Many households have taken up cattle farming or, in some cases, returned to it. Over 51 percent of the 131,000 returnee families in the former conflict zone now manage livestock, a recent UN and government survey discovered. Others who currently do not have cattle report owning them in the past.
From 1983 to 2009 there was civil war between Sri Lankan government forces and the separatist Liberation Tigers of Tamil Eelam (LTTE), based mainly in the north and east. Northern Province used to be a milk-producing area, and more than half the population worked with livestock before farmers started fleeing the fighting in late 2008.
Livestock management was a major cottage industry in the region even during the war, said Seenithamby Manoharan, the senior rural development specialist in the World Bank’s office in Colombo, the capital. Livestock rearing has grown more popular among returnees since it is relatively easy to manage and does not involve long hours when there are few animals, as is the case with most households.
Current dairy production meets less than 15 percent of the demand in Northern Province, which IOM estimated at more than 91,000 tons of milk annually in a recent assessment, and concluded that there is untapped potential in dairy farming. Increasing dairy production by about 50 percent is “critical” to improving nutritional status in the region.
The preliminary findings of a March 2012 nutrition assessment by the government, the UN World Food Programme, and the UN Children’s Fund (UNICEF) indicated worsening acute malnutrition in children aged under five, currently estimated at 18.3 percent for the entire Northern Province and 20 percent among returnees. Anything beyond 15 percent is widely considered an emergency.
Experts at the UN Food and Agriculture Organization (FAO) said nurturing dairy farming could benefit related industries like milk processing, veterinary services and animal feed.
Yet keeping livestock is still seen by many as something to meet a household’s needs rather than earning income. Not many young people are taking it up, said Shakthevale Arinesarajah, an FAO livestock consultant in Sri Lanka.
Livestock farming cannot take off without more infrastructure. “We have a good market and good prices, but still, if we can have large [milk] collection centres with electric [chilling] storage… we can get more [money],” said a returnee who gave his name as Pathinathan, in Darmapuram village in Kilinochchi District, where he manages a herd of about 50 cows.
Another drawback is herd quality.

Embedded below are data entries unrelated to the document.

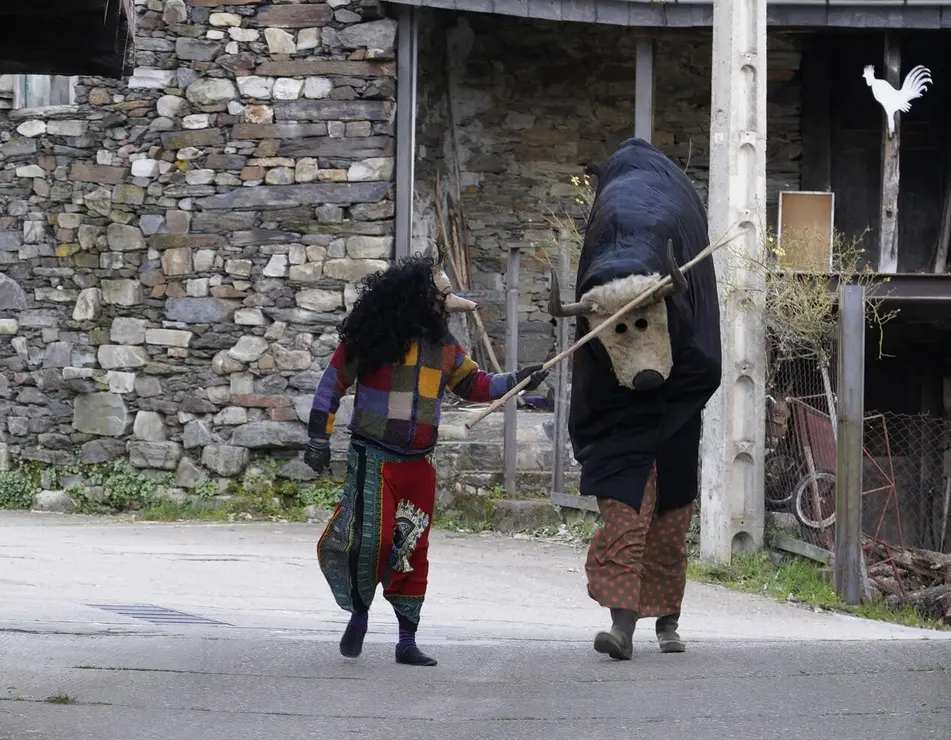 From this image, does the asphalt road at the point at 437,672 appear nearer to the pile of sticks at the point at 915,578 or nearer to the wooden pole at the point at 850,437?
the wooden pole at the point at 850,437

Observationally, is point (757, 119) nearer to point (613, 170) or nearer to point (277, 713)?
point (613, 170)

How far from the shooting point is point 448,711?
16.0 feet

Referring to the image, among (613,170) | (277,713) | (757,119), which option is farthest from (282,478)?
(277,713)

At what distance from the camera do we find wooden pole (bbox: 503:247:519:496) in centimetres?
1173

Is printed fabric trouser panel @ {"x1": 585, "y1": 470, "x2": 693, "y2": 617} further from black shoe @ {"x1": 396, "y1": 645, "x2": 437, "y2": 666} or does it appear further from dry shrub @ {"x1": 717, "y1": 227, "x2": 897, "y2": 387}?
dry shrub @ {"x1": 717, "y1": 227, "x2": 897, "y2": 387}

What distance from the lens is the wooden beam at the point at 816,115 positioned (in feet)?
46.2

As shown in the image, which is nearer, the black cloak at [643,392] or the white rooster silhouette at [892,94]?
the black cloak at [643,392]

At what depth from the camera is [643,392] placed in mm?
6059

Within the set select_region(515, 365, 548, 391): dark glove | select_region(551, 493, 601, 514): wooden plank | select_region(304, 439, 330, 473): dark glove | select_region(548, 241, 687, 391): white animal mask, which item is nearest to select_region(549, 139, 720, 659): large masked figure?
select_region(548, 241, 687, 391): white animal mask

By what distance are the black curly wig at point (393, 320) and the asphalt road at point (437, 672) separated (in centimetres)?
117

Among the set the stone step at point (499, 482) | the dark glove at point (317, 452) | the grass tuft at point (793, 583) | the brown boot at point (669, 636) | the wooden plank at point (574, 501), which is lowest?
the grass tuft at point (793, 583)

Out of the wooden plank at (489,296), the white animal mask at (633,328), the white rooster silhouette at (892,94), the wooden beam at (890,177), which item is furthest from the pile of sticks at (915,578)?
the white rooster silhouette at (892,94)

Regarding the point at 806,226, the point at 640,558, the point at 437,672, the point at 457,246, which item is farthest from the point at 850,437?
the point at 457,246

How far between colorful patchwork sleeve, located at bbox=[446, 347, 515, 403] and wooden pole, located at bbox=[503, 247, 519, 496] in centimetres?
535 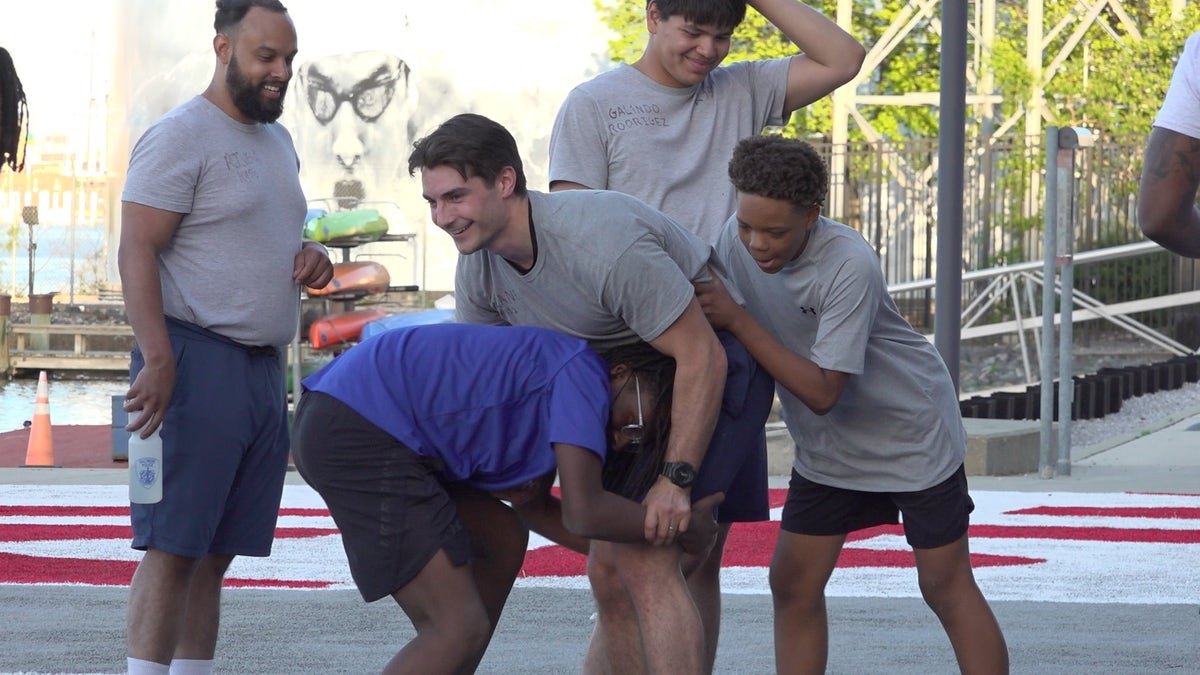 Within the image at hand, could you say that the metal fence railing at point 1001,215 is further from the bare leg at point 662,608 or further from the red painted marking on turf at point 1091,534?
the bare leg at point 662,608

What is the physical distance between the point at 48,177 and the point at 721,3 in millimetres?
33879

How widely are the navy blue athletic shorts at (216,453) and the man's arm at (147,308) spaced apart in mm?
70

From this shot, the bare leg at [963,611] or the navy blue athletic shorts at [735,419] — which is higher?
the navy blue athletic shorts at [735,419]

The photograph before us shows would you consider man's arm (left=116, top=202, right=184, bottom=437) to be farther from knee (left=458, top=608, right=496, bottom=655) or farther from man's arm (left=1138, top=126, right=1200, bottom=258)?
man's arm (left=1138, top=126, right=1200, bottom=258)

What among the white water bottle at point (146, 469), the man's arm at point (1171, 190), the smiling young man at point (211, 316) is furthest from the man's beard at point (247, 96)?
the man's arm at point (1171, 190)

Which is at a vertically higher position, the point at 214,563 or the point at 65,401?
the point at 214,563

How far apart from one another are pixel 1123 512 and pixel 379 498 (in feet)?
19.8

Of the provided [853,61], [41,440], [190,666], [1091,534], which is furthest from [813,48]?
[41,440]

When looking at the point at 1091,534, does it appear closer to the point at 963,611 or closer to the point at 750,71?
the point at 963,611

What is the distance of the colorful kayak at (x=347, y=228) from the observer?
15367 mm

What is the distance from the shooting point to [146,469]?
4512 mm

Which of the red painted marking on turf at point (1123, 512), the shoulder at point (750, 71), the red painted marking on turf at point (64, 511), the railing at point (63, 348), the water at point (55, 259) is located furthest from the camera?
the water at point (55, 259)

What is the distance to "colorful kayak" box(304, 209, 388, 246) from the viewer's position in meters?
15.4

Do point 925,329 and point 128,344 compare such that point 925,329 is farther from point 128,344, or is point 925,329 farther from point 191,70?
point 191,70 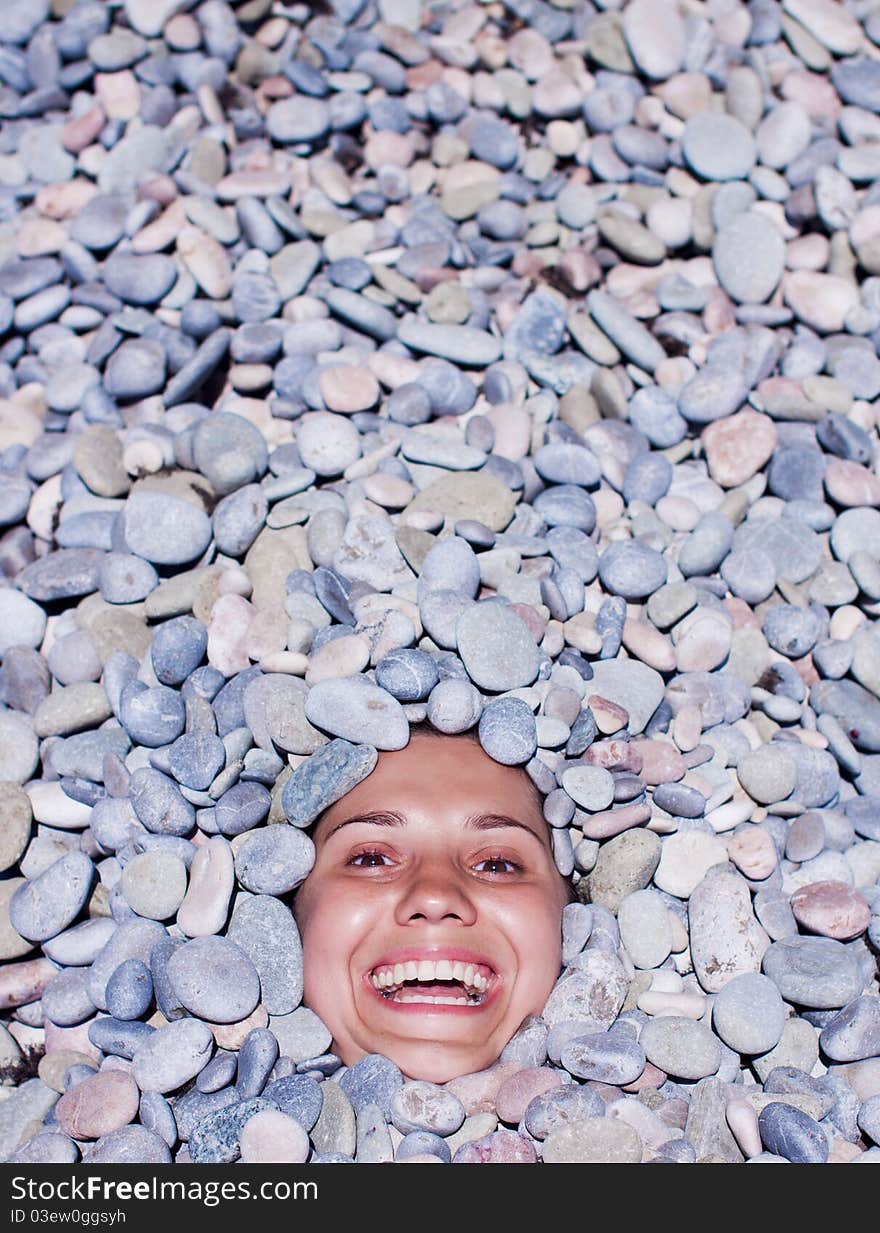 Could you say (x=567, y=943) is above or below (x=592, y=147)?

Pathinathan says unlike in other parts of the country, he is working with animals left behind during the war, and there is little effort to introduce better breeds in the north where a cow produces at most two litres of milk daily, a fraction of what is needed to meet the region’s dairy demands, as calculated by IOM.
Proper veterinary and breeding services are scarce due to lack of funding, said FAO, whose appeal for US$3 million to replace lost livestock and build infrastructure in the region had not received any pledges by the end of July.
Farmers’ organizations could benefit from better infrastructure and collective bargaining. Currently, there is no set price for milk and most farmers sell for what the buyer offers. “Having their own [milk] chilling centres will make them [farmers] viable and competitive,” said FAO’s Arinesarajah. “Then they could bargain and supply milk to any collector who pays them [a good price].”